== Material for this exercise
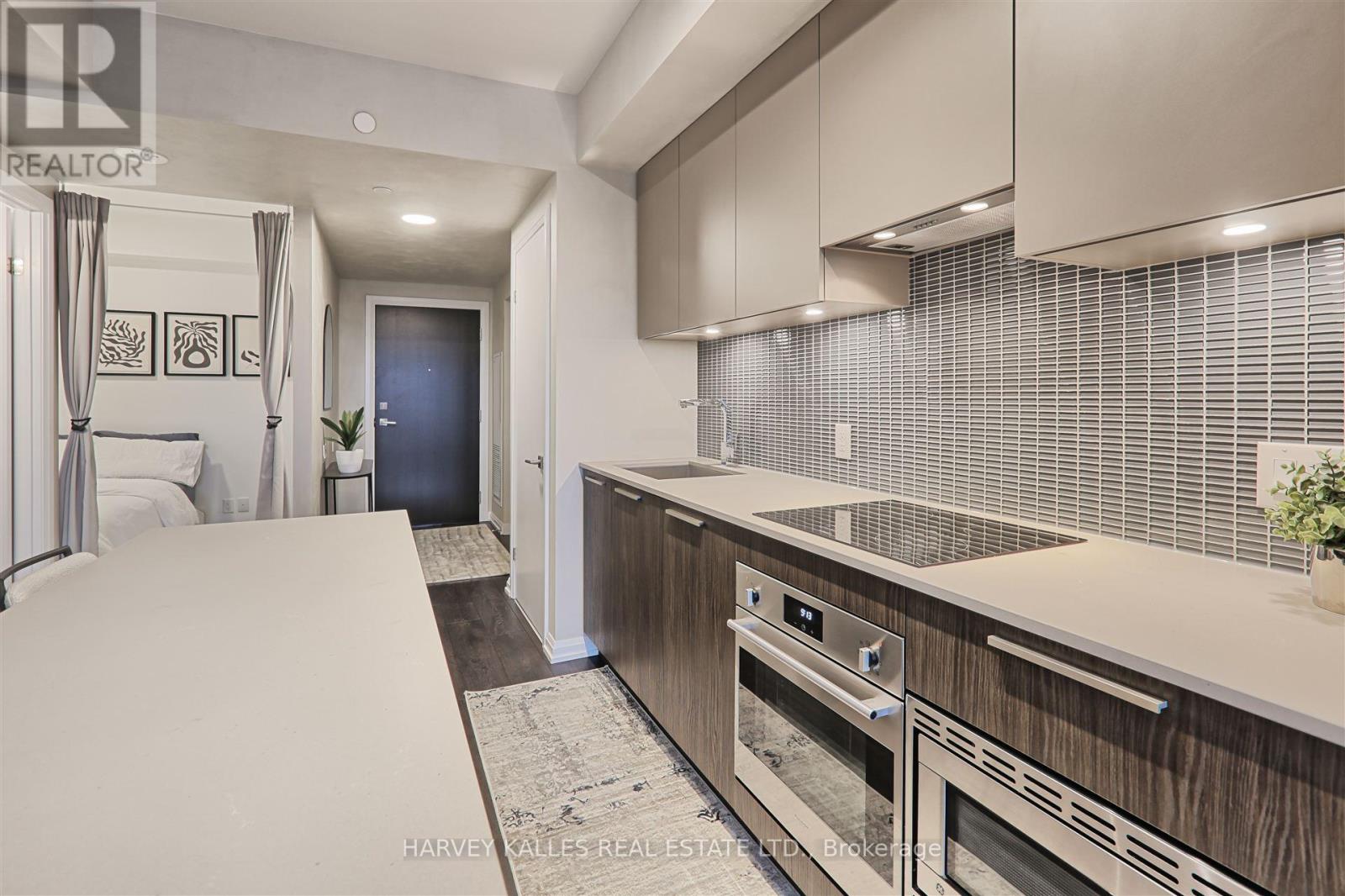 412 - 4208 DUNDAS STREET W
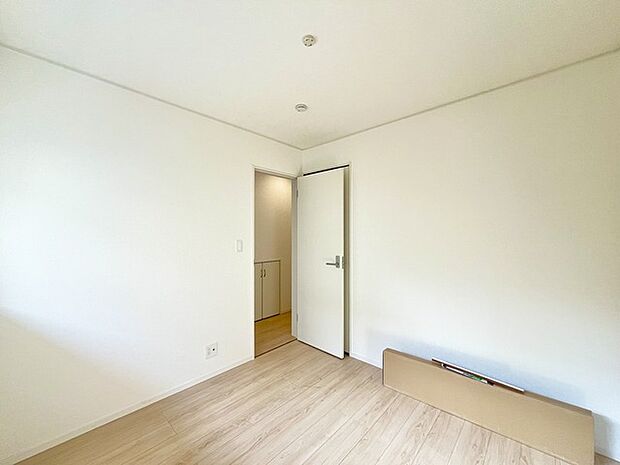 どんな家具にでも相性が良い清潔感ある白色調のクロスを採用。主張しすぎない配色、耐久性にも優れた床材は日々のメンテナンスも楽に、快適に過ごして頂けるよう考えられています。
====
== Material for this exercise
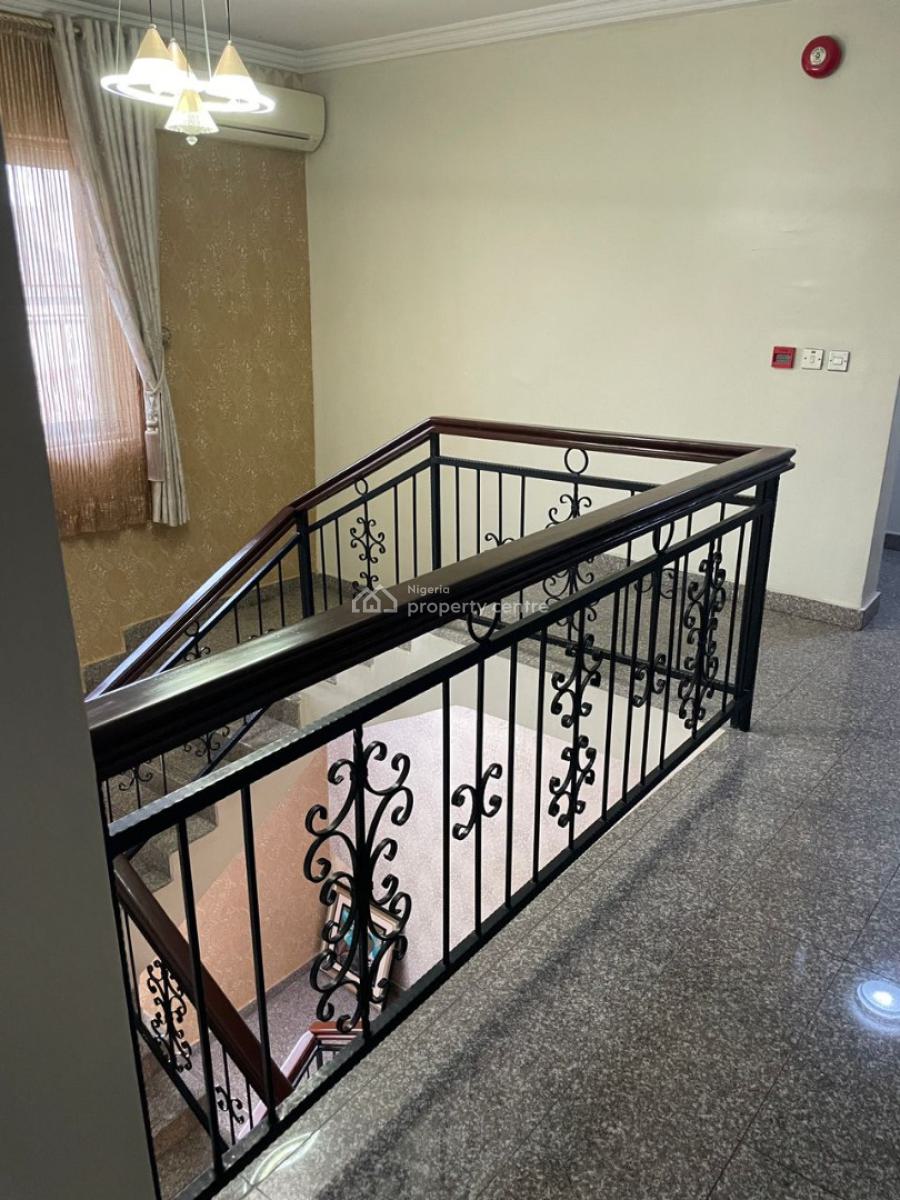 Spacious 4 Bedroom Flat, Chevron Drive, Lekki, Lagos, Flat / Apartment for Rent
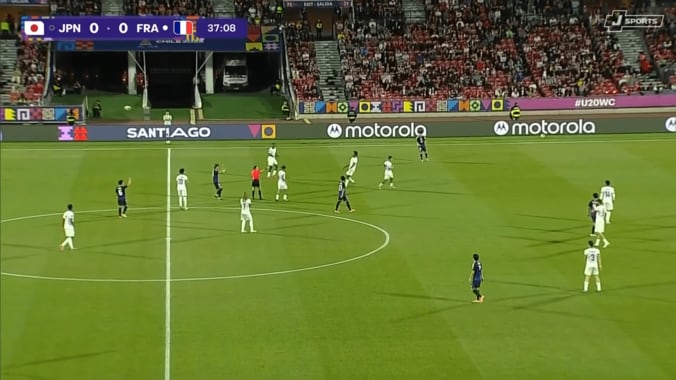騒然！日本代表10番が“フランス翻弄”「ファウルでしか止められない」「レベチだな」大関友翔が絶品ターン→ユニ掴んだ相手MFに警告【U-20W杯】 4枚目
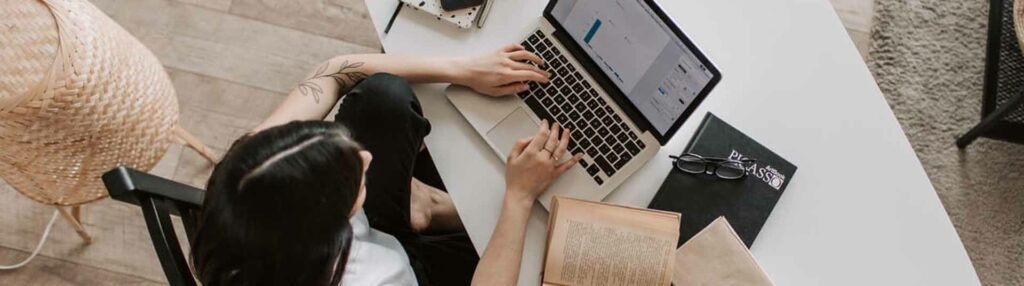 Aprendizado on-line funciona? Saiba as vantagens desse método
====
== Material for this exercise
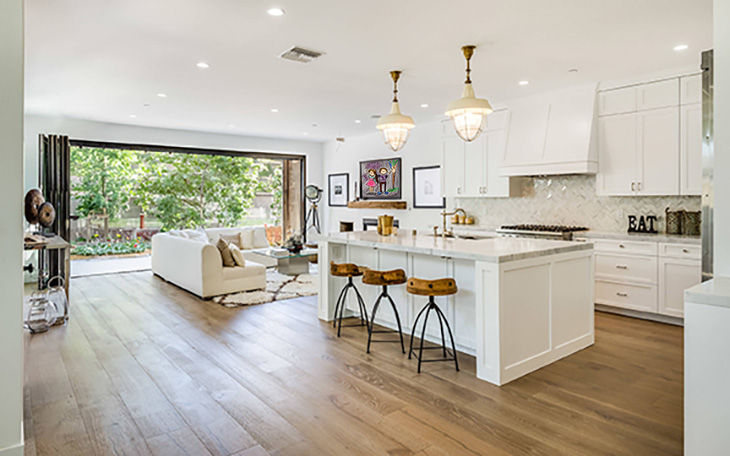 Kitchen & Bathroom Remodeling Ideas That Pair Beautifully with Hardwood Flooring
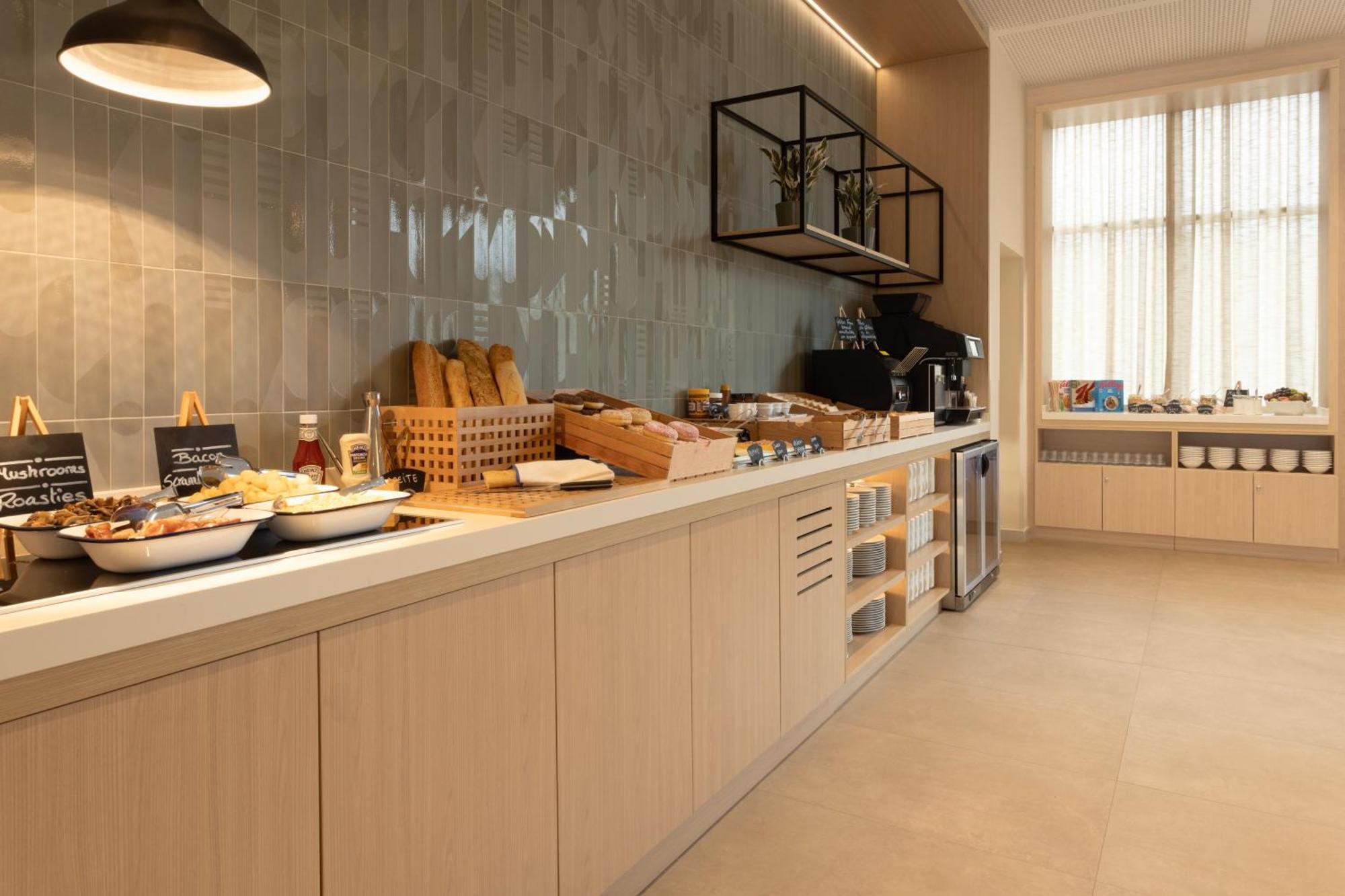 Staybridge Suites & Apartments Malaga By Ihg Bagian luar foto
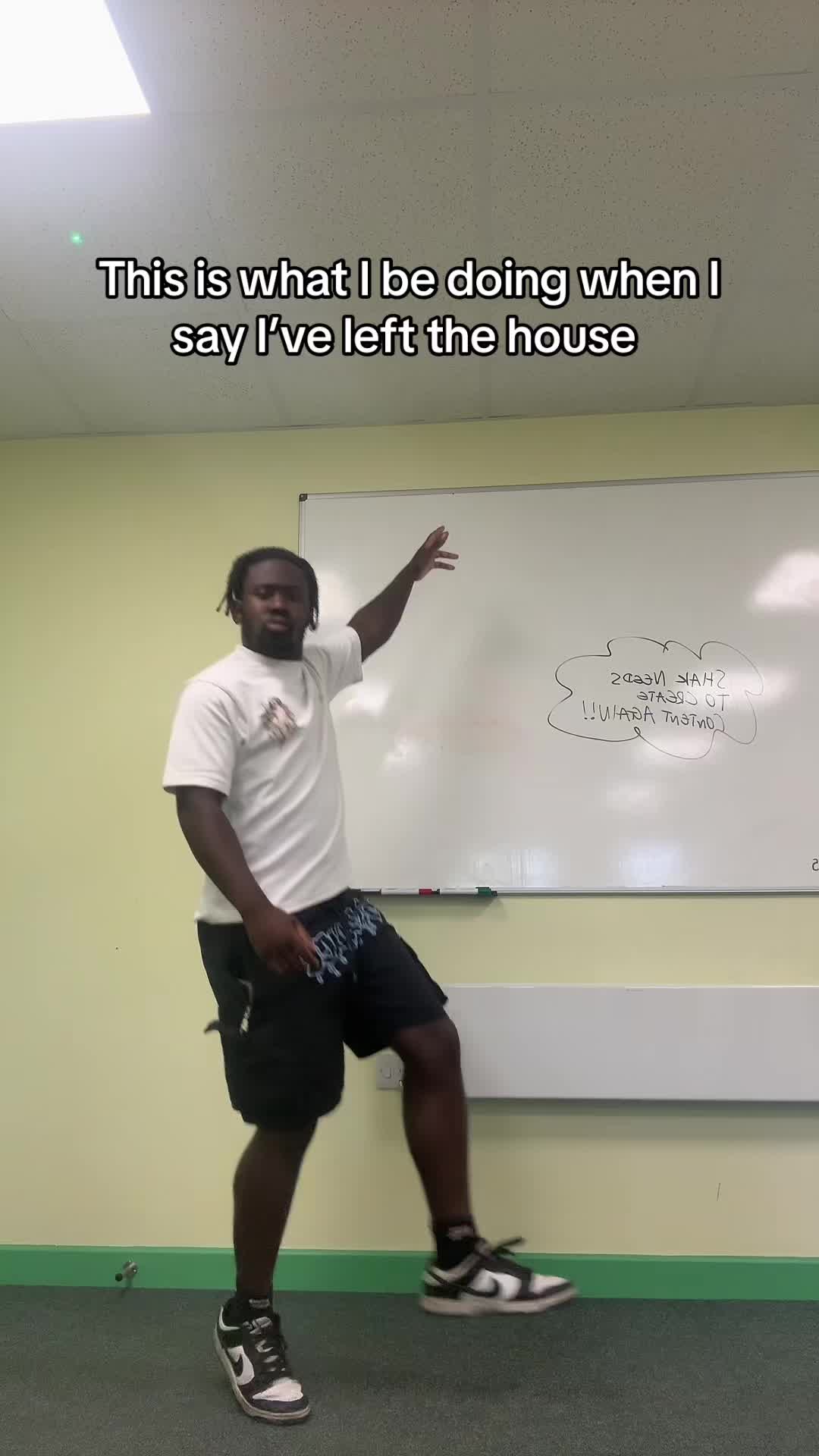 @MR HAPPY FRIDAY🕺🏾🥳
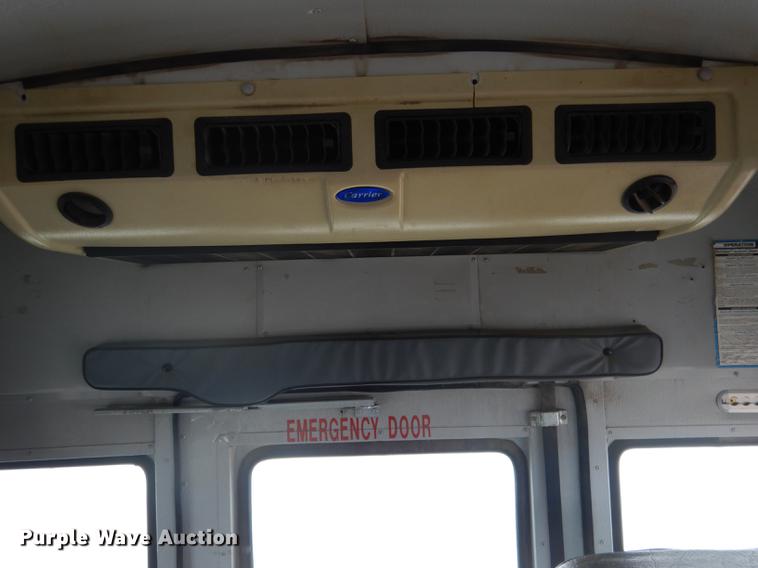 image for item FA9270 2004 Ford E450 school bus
====
:: Task item ::
Retype, exactly and with no pictures, everything above from the line with "Kitchen & Bathroom" down to the line with "image for item", both included.

:: Completed exercise ::
 Kitchen & Bathroom Remodeling Ideas That Pair Beautifully with Hardwood Flooring
 Staybridge Suites & Apartments Malaga By Ihg Bagian luar foto
 @MR HAPPY FRIDAY🕺🏾🥳
 image for item FA9270 2004 Ford E450 school bus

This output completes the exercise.